Generative AI is making waves across the entertainment industry. But what exactly is it, and how does this pattern-recognition technology work?
“The Matrix” Courtesy Warner Bros.
When you think of AI, pop-culture takes might come to mind—Agent Smith from “The Matrix” or HAL 9000 from “2001: A Space Odyssey,” for example. However, that’s not what generative artificial intelligence is. Those sci-fi characters would fall under the category of general AI, a technology that hasn’t been developed in the real world (yet).
Chris LeDoux, the co-founder and senior visual effects supervisor of Crafty Apes, describes generative AI as “really advanced pattern recognition, which is incredibly powerful. But it’s not sentient or conscious by any means.”
However, AI is being trained to think like us. In the past, software systems needed to be explicitly programmed to perform each requested function. Now more advanced deep learning algorithms and larger swaths of data allow AIs to process information in ways that imitate the human brain. The result is software that is both versatile and adaptive in its ability to make predictions, create new content, and heighten user productivity in virtually any circumstance.
“None of us knows exactly where [AI] is headed. I’ve never seen anything move this fast before”
While the idea of a mechanical mind goes all the way back to the ancient Greeks, the modern, feasible conception of AI came in the 1950s, when scientists such as Claude Shannon, Norbert Wiener, and Alan Turing established the foundations of the field.

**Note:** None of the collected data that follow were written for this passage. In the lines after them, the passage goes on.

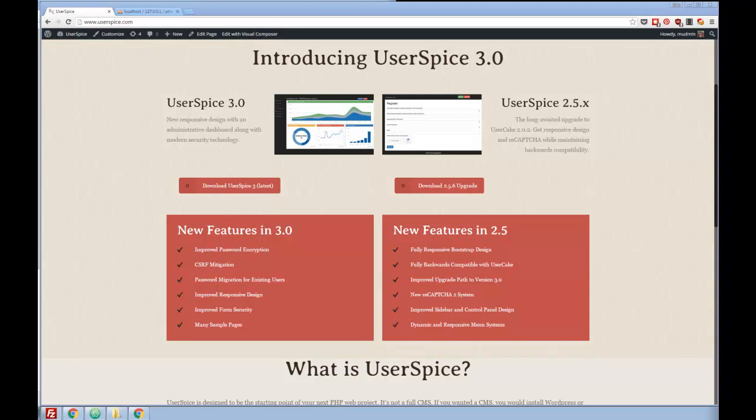Hi, this is Dan from Userspice.com. What I want to do today is walk you through the process of downloading Userspice, installing it, doing some setup, and then creating your own project.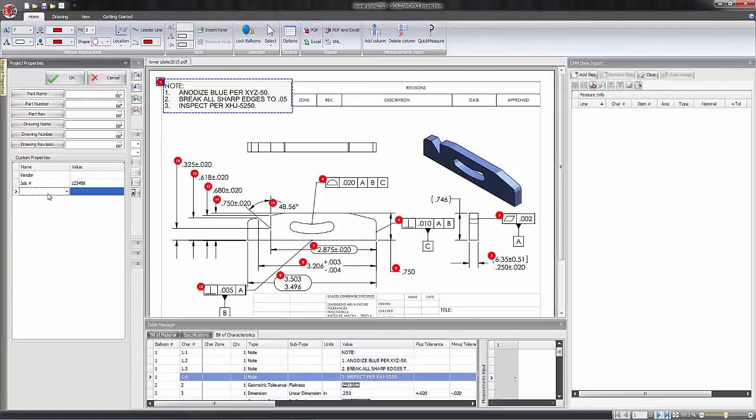You can add any additional properties and values just by selecting in the cell, keying in a value, and when we get done we can hit the OK button.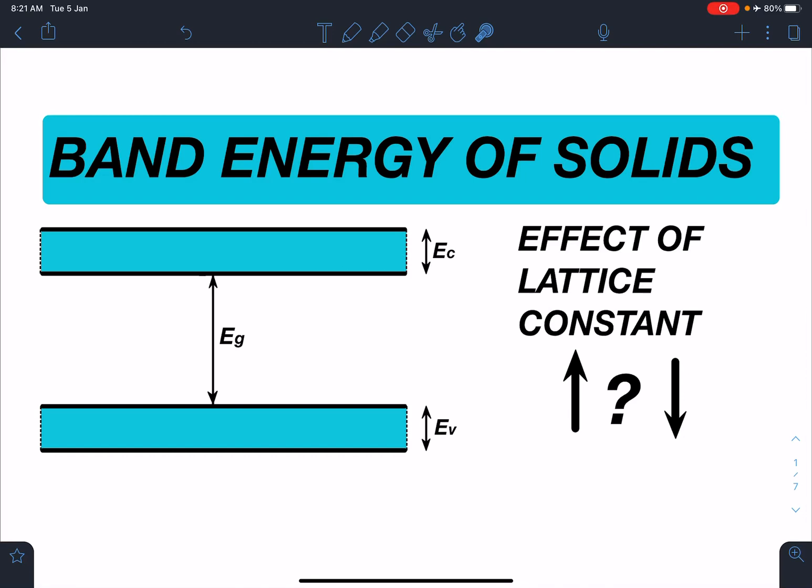Hello everyone, welcome to my channel Indian School of Physics. Today's video is based on band energy of solids and the effect of lattice constant on band energy — it is a JEE Mains topic.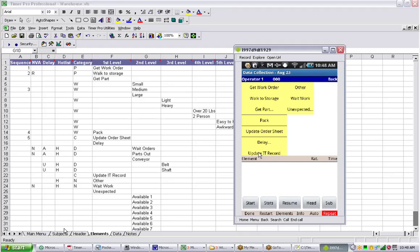When you start a new time study, you often want to enter information that's specific to the study, and that's handled via the header button down here.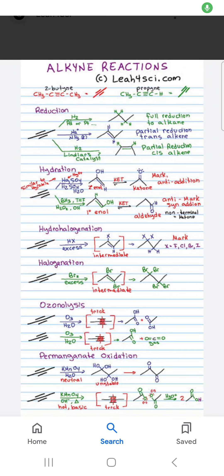Hello Friend! What is the reaction of Alkyne? Starting from 2-butyne and another Alkyne, it gives propyne.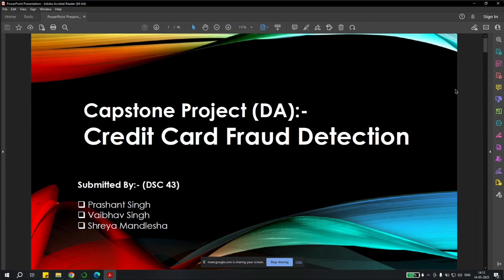Hi everyone, my name is Shreya and I along with my two team members Prashant and Vaibhav are going to present on our capstone project for data analysis and our topic for today is credit card fraud detection.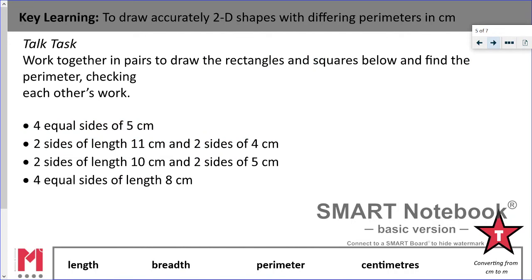First, I want you to have a little practice drawing some shapes of your own. If you've got a ruler at home that's fantastic and you can draw these accurately. Otherwise, have a go at drawing a square and a rectangle, labelling them with the information given, and finding the perimeter. The first one has four equal sides of 5 centimetres — a shape with four equal sides is a square. For the others you are told the length and the width. Use your doubling skills to find the perimeter.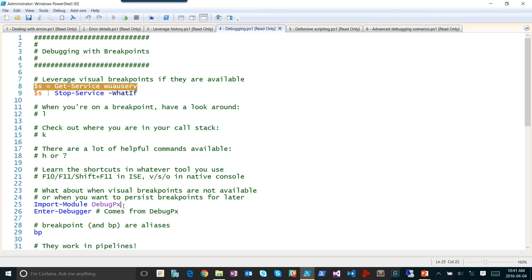Question from audience: Is there a way to automatically skip over certain function calls you always want to ignore, like a logging function? Yes — inside your function, at the very top, put `[System.Diagnostics.DebuggerHidden()]` as an attribute, and the debugger will totally ignore it. It won't step in even if you tell it to.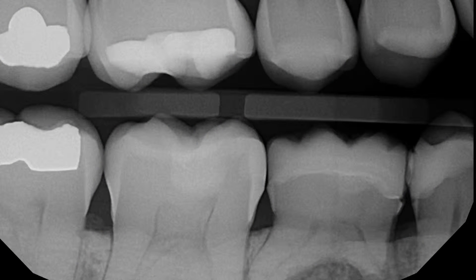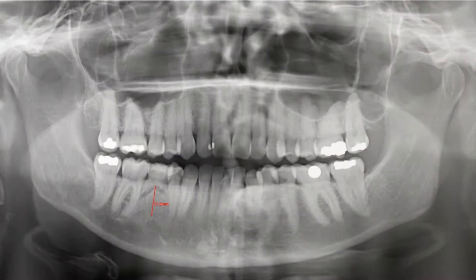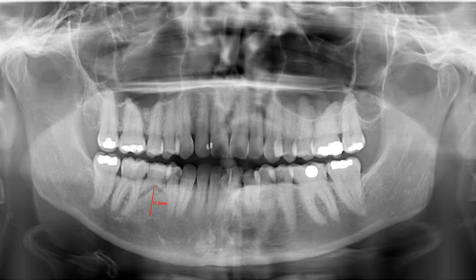In this radiograph you can see there is some resorption of the root. This tooth was not ankylosed, and subsequently the patient was seeking a restorative solution, planning in advance for its loss. We took a panoramic radiograph and determined from a radiographic perspective that there was adequate bone height. The anatomical limiting factor would be the mental foramen and the inferior alveolar nerve, which we don't want to go anywhere near. This radiograph demonstrates that we have around 11.5 millimeters of bone height to work with.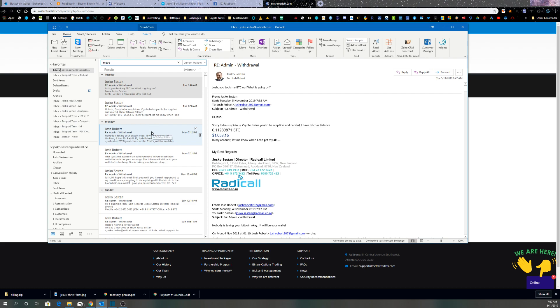So be careful out there. Metro Trade FX - they are scam artists.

Turing’s name went on to become synonymous with the idea of AI. That’s thanks to his Turing Test, which he devised to determine if a machine could not only regurgitate information on command, but actually think like a human being. (If you’ve ever seen the Benedict Cumberbatch–starring film “The Imitation Game,” you’ll remember this test well.)
Now, developers have finally cracked the code. Several AIs, including Google chatbot Eugene Goostman and OpenAI’s ChatGPT, have passed the Turing Test. While some experts have been critical of the test’s legitimacy as a benchmark for assessing artificial intelligence, these results are a sign of true breakthroughs in the field.
So while you may not have to worry about a robot apocalypse just yet, generative AI merits all the attention it’s been receiving; and it’s only the beginning. “None of us knows exactly where it’s headed,” says LeDoux. “I’ve never seen anything move this fast before.”
Ascannio/Shutterstock
As an example, OpenAI trained each of its GPT language models using an enormous corpus (a body of text and speech data) and metadata (the data’s structure and formatting). They developed the model using two strands of a neural network: a generator and a discriminator.
Think of the generator as a student learning a craft and the discriminator as their mentor. The generator produces new content based on the patterns it recognizes, and the discriminator appraises it by comparing that content to real examples from the data set.
As the training process went on, OpenAI’s generator improved its ability to create content that the discriminator couldn’t recognize as a significant deviation from the real content in the data set. The result? A generative AI that can create new content and dynamically respond to user prompts.
Hethers/Shutterstock
GPT-4: This AI is multimodal, meaning it will respond to both text and image prompts, although the latter feature isn’t yet publicly available. You can access GPT-4 with a monthly subscription. (GPT-3.5 is OpenAI’s freely available chatbot.)
These models have a huge variety of uses, including answering complex questions, translating languages, writing fiction or scripts in various styles, generating code, and building functional websites.
- DeepMind: Google’s generative AI is a versatile general-purpose model. So far, it’s mainly being used to identify medical issues and develop scientific research.
- DALL-E 2: When given either text or image prompts, this model can create new images in styles ranging from cartoonish to photorealistic. But it’s not simply spitting out composites of different objects, but comprehending the fundamental features of each item it’s asked to describe.
- Murf.ai: This is one of many text-to-speech generators that have hit the market in recent months. Murf.ai and competitors like Synthesys and Listnr are audio-diffusion tools that generate realistic voiceovers that pull from a range of different options.
Developers are releasing new generative AIs every day; so what’s viable today might be obsolete by next year—or even next month.